O Rote Rose (Adalbertstraße, 90) é o único que fica aberto 24 horas. A freguesia é composta por mendigos (e seus cachorros que ganham mesada do governo), motoristas de táxi, traficantes, punks e malucos em geral.
Há um jukebox e uma daquelas maquininhas que cospem moedas com um sujeito na frente, não importa a hora. A cerveja é baratíssima e o Rote Rose é sempre diferente, sempre absurdo, sempre despropositado como o seu altar com anões e uma Branca de Neve. O teto é um tabuleiro de xadrez –e você deveria tomar cuidado com a sua carteira.
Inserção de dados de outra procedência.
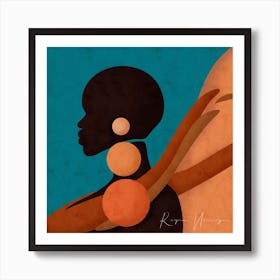 Nya Square Art Print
É complicado descrever o que é e o que se passa dentro do Roses (Oranienstraße, 187). As suas paredes de pelúcia rosa levam alguns a dizer que o bar lembra o interior de um útero gay -caso gays tivessem úteros, é claro. O décor queer é completado por bonecas, globos espelhados, pôsteres e uns 100 mil objetos aleatórios de decoração.
Apesar da temática, o público anda misturado (muitos turistas a depender da noite e está na moda falar mal do Roses), mas a garantia é sempre de calor, música dos anos 90 e lotação máxima. Um dos lugares mais interativos de Berlim, para o bem e para o mal. Faça amigos ou a guerra. E seja sempre muito gentil com a senhora por trás do balcão -você não vai querer arrumar confusão com ela.
O Würgeengel (Dresdenerstraße, 122) tem esse nome em homenagem ao filme do Buñuel ("O Anjo Exterminador", 1962). Se no salão aristocrata da história os convidados se veem impedidos de sair, aqui é o contrário: anda cada vez mais difícil entrar no bar depois de nove da noite, já que ele vive lotado.
As paredes de veludo vermelho e os lustres dourados art déco seriam o destaque não fossem os coquetéis e o serviço impecáveis dos barmen. Dizem que a comida é ruim, mas quem vai num lugar desses para comer? Beba o Moscow Mule e o Mai Thai. Para começar.
O Möbel Olfe (Reichenbergerstraße, 177) fica nas galerias do NKZ (Neue Kreuzberger Zentrum), o conjunto habitacional lindamente horroroso que domina a paisagem do Kotti. Esse complexo de apartamentos populares construído nos anos 70 ainda é habitado majoritariamente por turcos ou descendentes.
O bar emprestou o nome de uma velha loja de móveis que funcionava ali -e cujo resto de letreiro ainda pode se ver no topo do prédio. A maioria dos seus habutués beberá cerveja, mas você não deveria perder os shots de vodka polonesa ou russa. Recentemente botaram um grande cartaz na porta para avisar os turistas: "Homo bar". Bem, se você se incomoda com isso, não deveria estar em Berlim. Ou nesse planeta.